Troubleshooting HCatalog Connector Problems

You may encounter the following issues when using the HCatalog Connector.

Connection Errors

When you use CREATE HCATALOG SCHEMA to create a new schema, the HCatalog Connector does not immediately attempt to connect to the HiveServer2 or metastore servers. Instead, when you execute a query using the schema or HCatalog-related system tables, the connector attempts to connect to and retrieve data from your Hadoop cluster.

The types of errors you get depend on which parameters are incorrect. Suppose you have incorrect parameters for the metastore database, but correct parameters for HiveServer2. In this case, HCatalog-related system table queries succeed, while queries on the HCatalog schema fail. The following example demonstrates creating an HCatalog schema with the correct default HiveServer2 information. However, the port number for the metastore database is incorrect.
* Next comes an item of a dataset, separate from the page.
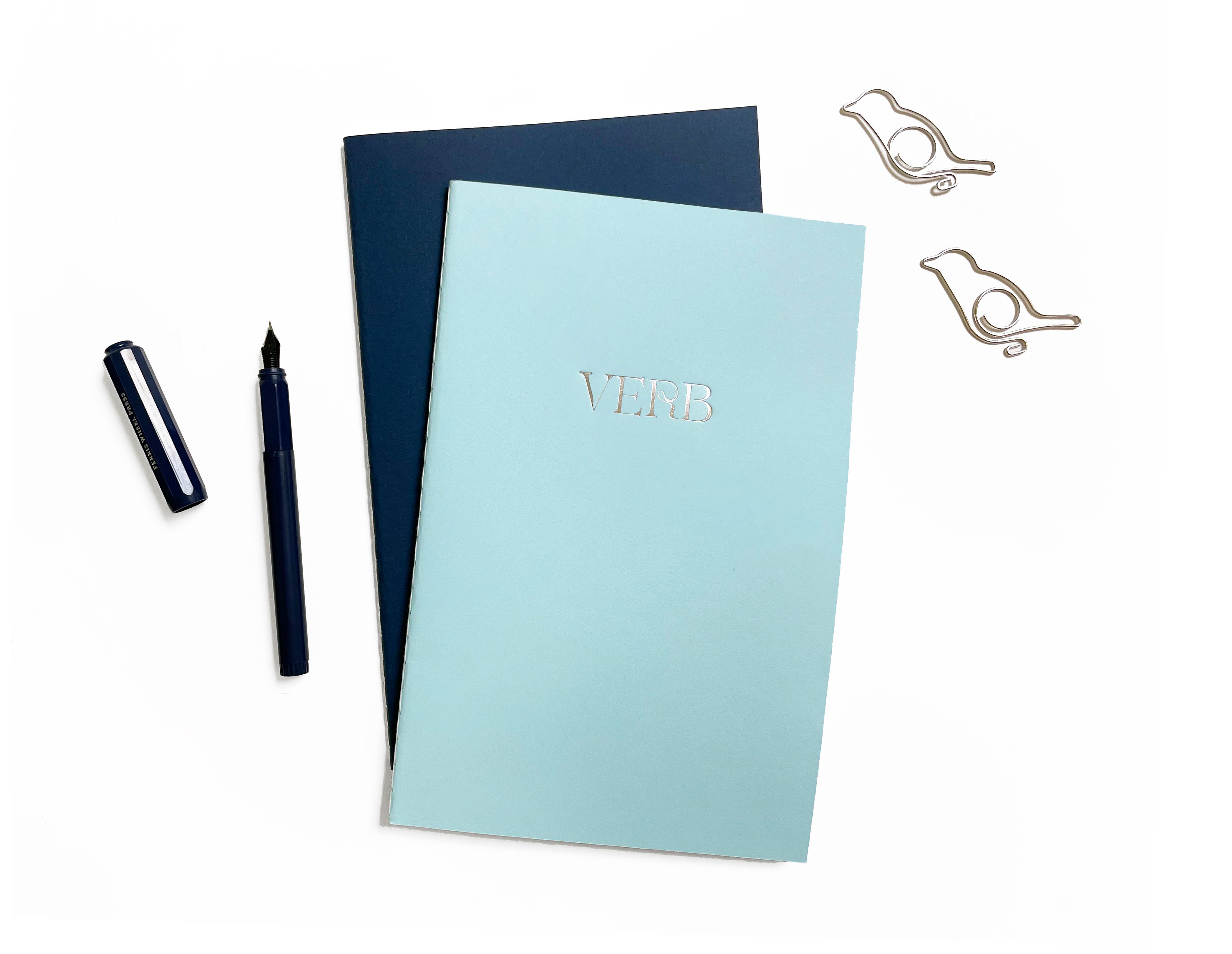 Studio Portmanteau – Großhandel Notizbücher – Individuell geprägtes Logo-Folien-Mittelheft-Notizbuch mit Sattelheftung5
=> CREATE HCATALOG SCHEMA hcat2 WITH hostname='hcathost' 
-> HCATALOG_SCHEMA='default' HCATALOG_USER='hive' PORT=1234;
CREATE SCHEMA
=> SELECT * FROM HCATALOG_TABLE_LIST;
-[ RECORD 1 ]------+---------------------
table_schema_id    | 45035996273864536
table_schema       | hcat2
hcatalog_schema    | default
table_name         | test
hcatalog_user_name | hive

=> SELECT * FROM hcat2.test;
ERROR 3399:  Failure in UDx RPC call InvokePlanUDL(): Error in User Defined 
 Object [VHCatSource], error code: 0
com.vertica.sdk.UdfException: Error message is [ 
org.apache.hcatalog.common.HCatException : 2004 : HCatOutputFormat not 
initialized, setOutput has to be called. Cause : java.io.IOException: 
MetaException(message:Could not connect to meta store using any of the URIs 
provided. Most recent failure: org.apache.thrift.transport.TTransportException: 
java.net.ConnectException: 
Connection refused
at org.apache.thrift.transport.TSocket.open(TSocket.java:185)
at org.apache.hadoop.hive.metastore.HiveMetaStoreClient.open(
HiveMetaStoreClient.java:277)
. . .

To resolve these issues, you must drop the schema and recreate it with the correct parameters. If you still have issues, determine whether there are connectivity issues between your Vertica cluster and your Hadoop cluster. Such issues can include a firewall that prevents one or more Vertica hosts from contacting the HiveServer2, metastore, or HDFS hosts.

You may also see this error if you are using HA NameNode, particularly with larger tables that HDFS splits into multiple blocks. See Using the HCatalog Connector with HA NameNode for more information about correcting this problem.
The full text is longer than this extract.